Tampa rail proposal centered around USF

Lack of funding has stalled the Tampa Rail Project, an alternative mode of transportation that would connect USF to downtown Tampa.

The 13.3-mile stretch is expected to cost up to $70 million per mile. There are two proposed locations for the TRP, both focused on USF as the core connection.

“The USF (area) performs over and over again as being one of the top corridors as a candidate for light rail, in terms of benefiting,” said Elaine McCloud, mass transit manager for the city of Tampa. “(This is) because of the traffic volume and the demographics of people who live there now, as well as the people who plan to live there.”

One plan projects the rail to run south, parallel to Fowler Avenue, turn north on Bruce B. Downs Boulevard, run past the hospital complex and continue north.

Feeder buses would service rail stations and provide access to and from campus.
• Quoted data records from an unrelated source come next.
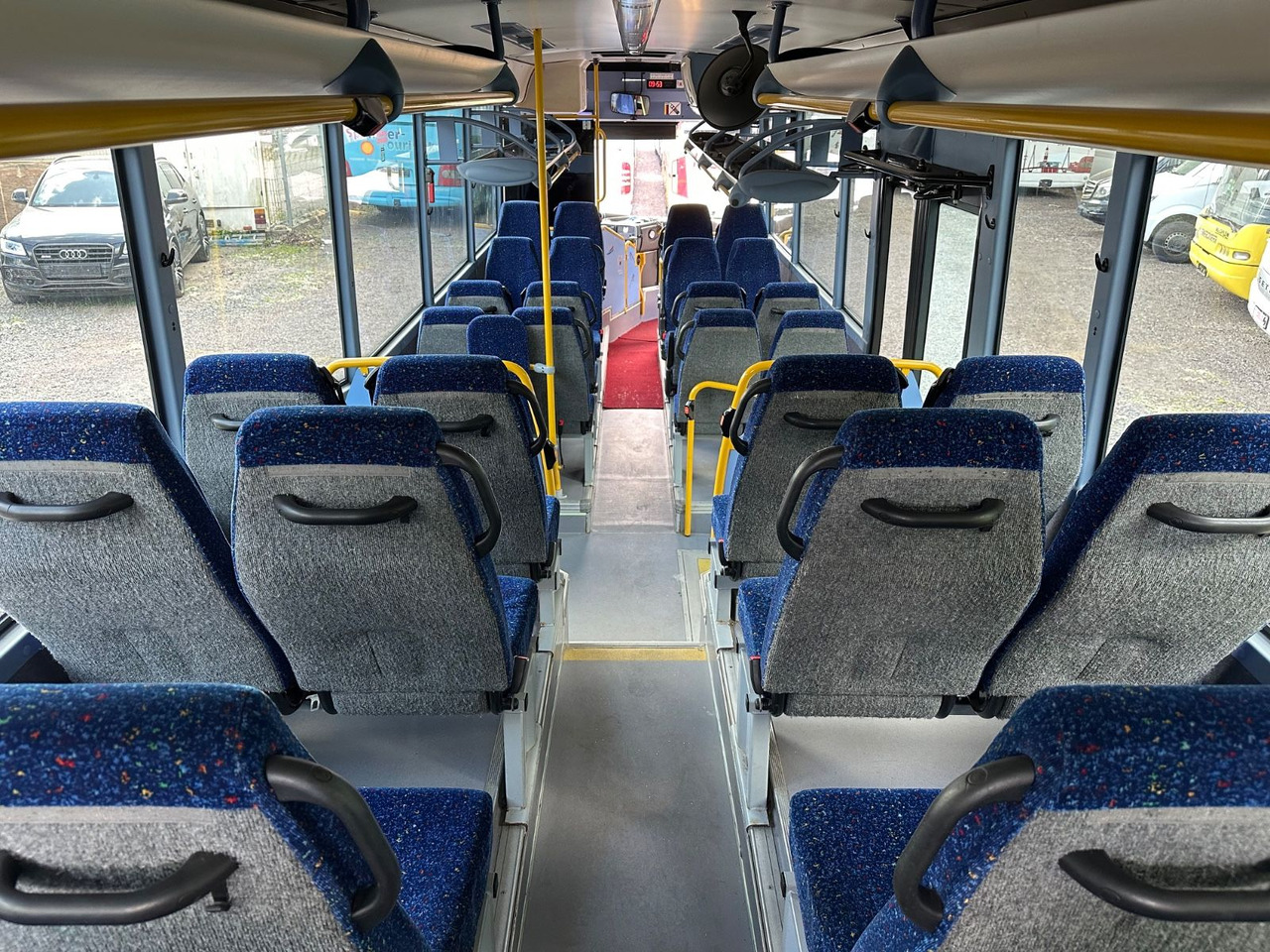 Gradski autobus Iveco Irisbus Crossway LE SFR 162 *AC*100 km/h*Schalt: slika 19 Gradski autobus Iveco Irisbus Crossway LE SFR 162 *AC*100 km/h*Schalt: slika 19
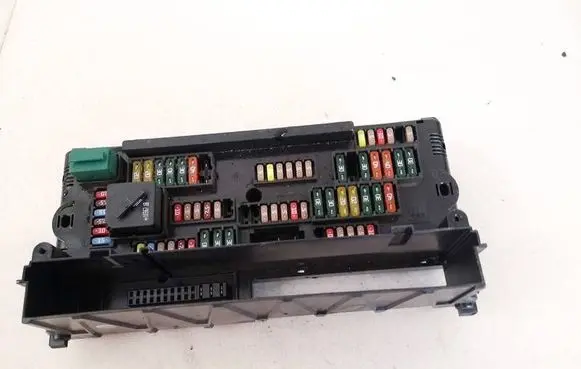 BMW 5 F10 F11 Fuse box set 923442101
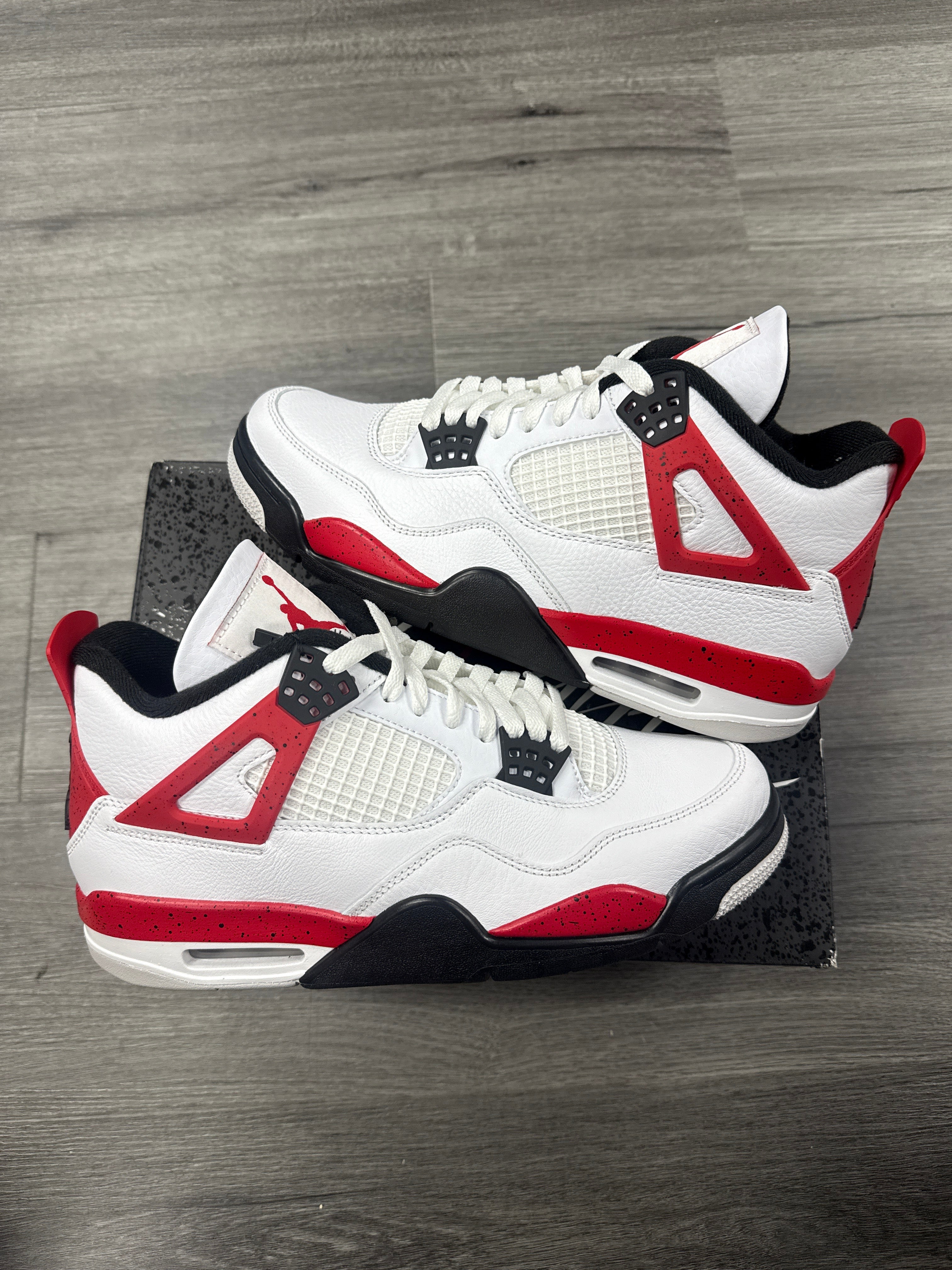 Jordan 4 Red Cement - size 9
David Armijo, Hillsborough Area Regional Transit’s (HART) chief executive officer, met with President Judy Genshaft last week to discuss using the Bull Runner as a possible connection. He said those details are coming in the next year.

Another plan features the rail to looping around USF, down Fowler Avenue to 56th Street and back toward 42nd Street.

It is possible the proposed locations could change in the final process, Armijo said.

“Bruce B. Downs has changed a fair amount since the (study) was done in 2002,” he said. “There’s been expansions to some of the medical buildings and official widening of roads and turn lanes and it would be more difficult to fit the project in there and more
expensive.”

Armijo said it could be eight to 10 years before a train is running. He said he thinks the rail system will benefit USF students.

“We have a great performing arts center, the St. Pete Times Forum, all the events that just happened last month with the Super Bowl, Gasparilla and Ybor,” he said. “A lot of great, exciting opportunities. It would be great if people could get on a train and not
have to drive.”

Between 1996 and 2002, HART conducted a study analyzing financial costs and the environmental impact of the Tampa Rail. The Federal Transit Administration approved the $15-million study, but in 2004 the Hillsborough Board of County Commissioners denied a public vote on the study, stopping it in its tracks, said HART spokesman Ed Crawford.

Since then, the HART board stopped annual studies to update the project due to funds.

“At that point in time, the political will wasn’t there to continue spending money on the study,” said Steve Polzin, director of mobility policy research at USF’s Center for Urban Transportation Research. “There just wasn’t a desire to make that kind of investment.”

In order to get federal funding, there must be local funding. Mayor Pam Iorio is proposing a one-cent sales tax increase. There would not be a fee to ride the trains, Armijo said.

Junior Matthew Banas, who did a project for his industrial engineering class using the TRP, said there must be a fee in order for the project to be funded.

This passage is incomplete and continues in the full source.